# Download Content: Transcript and Manuscript-Images

+ **Author**: Sugato Ray
+ **Published Date**: 2018-Jun-12
+ **Version**: 1.0

#### Description: 
+ This project was conceptualized and realized in order to download transcripts and manuscripts (image-files) from [Bichitra: Online Tagore Variorum](http://bichitra.jdvu.ac.in/index.php), an initiative by School of Cultural Texts and Records, Jadavpur University. 
+ This project uses a custom-made python package library: **`Webscrape_Bichitra_Library.py`**. Download the package from [here](http://localhost:8888/edit/Documents/PythonScripts/Webscrape_Bichitra_Library.py#).

***

### Some helpful shorctcuts:  
<font color="red">
**Note**: To enter command mode press **`ESC`** key.
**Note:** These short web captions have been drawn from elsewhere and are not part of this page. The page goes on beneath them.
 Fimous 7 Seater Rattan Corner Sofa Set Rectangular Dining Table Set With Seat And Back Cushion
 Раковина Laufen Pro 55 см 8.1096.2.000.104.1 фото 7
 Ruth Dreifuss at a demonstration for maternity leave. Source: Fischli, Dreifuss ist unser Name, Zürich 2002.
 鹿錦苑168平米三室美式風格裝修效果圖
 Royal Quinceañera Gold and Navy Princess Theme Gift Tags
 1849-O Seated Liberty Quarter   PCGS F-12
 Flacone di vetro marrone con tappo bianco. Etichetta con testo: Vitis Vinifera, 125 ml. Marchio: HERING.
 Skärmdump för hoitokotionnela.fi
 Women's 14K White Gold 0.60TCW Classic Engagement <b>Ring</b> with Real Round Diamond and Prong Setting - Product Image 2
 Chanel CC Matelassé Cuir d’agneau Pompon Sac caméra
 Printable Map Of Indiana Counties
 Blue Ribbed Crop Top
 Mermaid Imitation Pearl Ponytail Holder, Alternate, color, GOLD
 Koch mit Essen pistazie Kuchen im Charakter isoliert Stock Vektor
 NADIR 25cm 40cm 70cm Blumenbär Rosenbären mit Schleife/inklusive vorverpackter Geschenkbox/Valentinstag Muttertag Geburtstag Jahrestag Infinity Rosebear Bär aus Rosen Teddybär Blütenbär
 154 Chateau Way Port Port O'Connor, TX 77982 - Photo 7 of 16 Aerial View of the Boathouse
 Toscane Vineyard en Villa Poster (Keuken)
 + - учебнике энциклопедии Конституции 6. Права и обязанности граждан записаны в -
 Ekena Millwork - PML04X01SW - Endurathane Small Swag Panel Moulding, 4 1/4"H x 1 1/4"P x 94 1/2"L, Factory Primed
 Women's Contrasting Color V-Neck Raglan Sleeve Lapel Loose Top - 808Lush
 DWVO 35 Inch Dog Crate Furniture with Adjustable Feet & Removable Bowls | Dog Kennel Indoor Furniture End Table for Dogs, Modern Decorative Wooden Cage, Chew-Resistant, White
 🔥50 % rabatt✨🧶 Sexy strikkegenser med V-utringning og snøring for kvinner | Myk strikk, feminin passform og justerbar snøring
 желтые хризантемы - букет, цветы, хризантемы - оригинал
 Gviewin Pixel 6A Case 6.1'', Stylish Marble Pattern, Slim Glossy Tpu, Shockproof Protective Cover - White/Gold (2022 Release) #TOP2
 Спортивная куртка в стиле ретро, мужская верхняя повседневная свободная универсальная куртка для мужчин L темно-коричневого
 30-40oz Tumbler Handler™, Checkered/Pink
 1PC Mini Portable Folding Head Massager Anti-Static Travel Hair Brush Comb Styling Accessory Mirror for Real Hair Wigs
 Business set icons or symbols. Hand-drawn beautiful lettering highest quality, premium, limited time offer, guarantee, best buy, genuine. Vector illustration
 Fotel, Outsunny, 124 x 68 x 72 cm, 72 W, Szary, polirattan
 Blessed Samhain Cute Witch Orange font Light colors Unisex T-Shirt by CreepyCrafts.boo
|**Action**|**Command Mode Shortcut**|
| :- |-------------: | 
| Run current cell only:| **`SHIFT` + `ENTER`**|
| Inser cell above:| **`A`**|
| Inser cell below:| **`B`**|
| Toggle cell ***MARKUP***:| **`M`**|
| Toggle cell ***CODE***:| **`C`**|
| Toggle cell output scrolled:| **`SHIFT` + `O`**|
| Toggle cell output collapsed:| **`O`**|
| Toggle cell line numbering:| **`L`**|
| Toggle notebook line numbering:| **`SHIFT` + `L`**|
<font color="black">


***


## Import Necessary Packages

In [2]:
# Mandatory imports
import Webscrape_Bichitra_Library as wbl

# Additional optional imports
import webbrowser as wb
import os
import errno
import requests
from bs4 import BeautifulSoup as bsp
import urllib.parse as urlparse
from numpy import arange
import time # Refer to: https://stackoverflow.com/questions/3620943/measuring-elapsed-time-with-the-time-module
import pandas as pd
import matplotlib.pyplot as plt
from numpy import random as np_random, floor as np_floor

%matplotlib inline

## Primary Content Title of the Manuscript(s):

In [3]:
primary_content_title = "Tasher_Desh"
print("Prmary Content Title: " + primary_content_title)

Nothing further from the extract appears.